The closest town with any kind of modern facilities was an hour flight away, or a day by boat. The only way into or out of town was by boat or float plane. A De Haviland Beaver on floats flew in once a week with the mail, and any supplies ordered came from Seattle, with stops in two towns on the way. Those could sit on the dock in the second town for up to a week waiting for the next mail plane to fly.
A couple summers, a produce boat appeared in town, its refrigerated hold brimming with over-ripe fruit and vegetables. Those willing to pay the astounding prices demanded had to immediately eat what they purchased, as we had no refrigeration.

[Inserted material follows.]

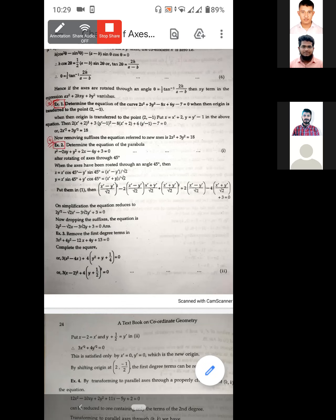As the origin is transferred to the point (2, minus 1), putting x equal to x plus 2 and y equal to y minus 1 in equation 1, we get the required equation.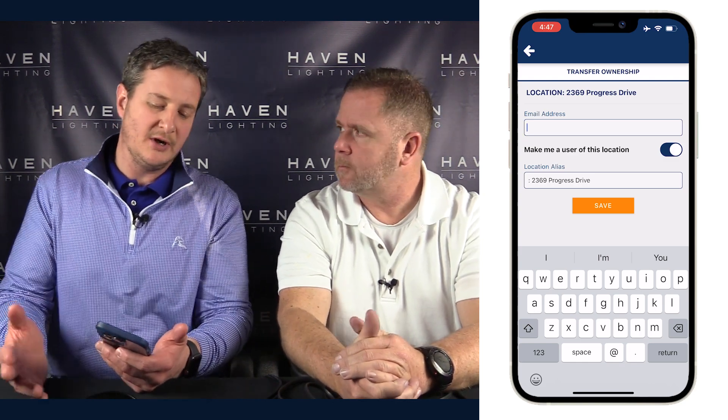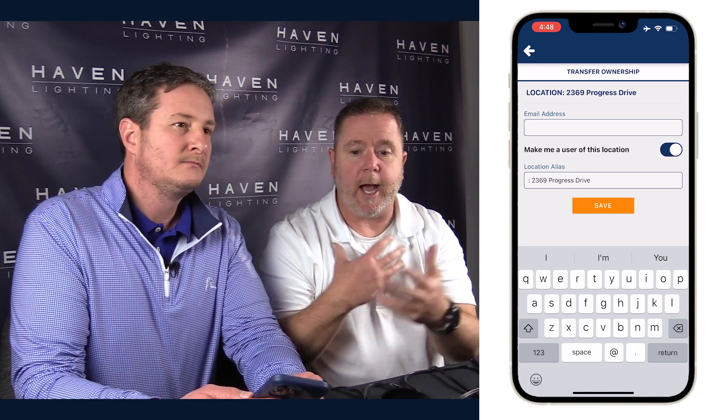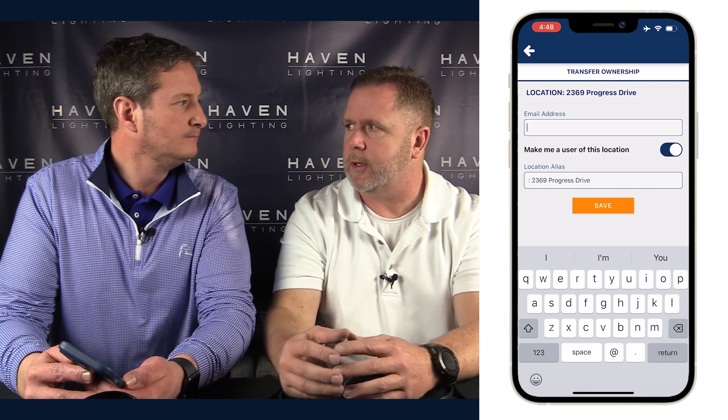One thing to note — a question we get asked a lot — is what's the difference between transferring ownership and just sharing a location? Transferring ownership actually makes the homeowner the owner. As a shared user, you can't see other users or delete them, but the owner can. Because it's ultimately their system that they're purchasing, you want them to be the owner so they have full access and control over who has access to their account.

But what we did have was an ocean swarming with fish and other edible aquatic life. We had a rich, temperate rainforest clinging precariously to the sides of mountains; towering spruce, hemlock and cedar, and thick brush that drooped with heavy loads of berries when the season arrived. Living throughout that paradise was game that could be hunted.

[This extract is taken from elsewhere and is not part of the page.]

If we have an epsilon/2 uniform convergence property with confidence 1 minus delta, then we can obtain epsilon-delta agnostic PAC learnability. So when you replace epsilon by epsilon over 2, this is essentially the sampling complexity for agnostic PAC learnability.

What wasn’t native could be grown in gardens behind every house, provided it was of a hardy nature to survive the climate. All were necessary to sustain the life of our village. Survival was tied to seasons and migrations, tides and storms, weather and currents. A hunter-gatherer lifestyle supported the community, and without it, the community would have been forced to drift away, family by family to larger towns. The alternative was financial destitution and literal starvation.
In this environment, I learned about wildlife by observing the relationships between predator and prey, the balance in nature, and about life and death. I leaned self-reliance, reliance on neighbors, and community cooperation. I learned the value of resources, the price of failure. This is the environment in which I was introduced to hunting.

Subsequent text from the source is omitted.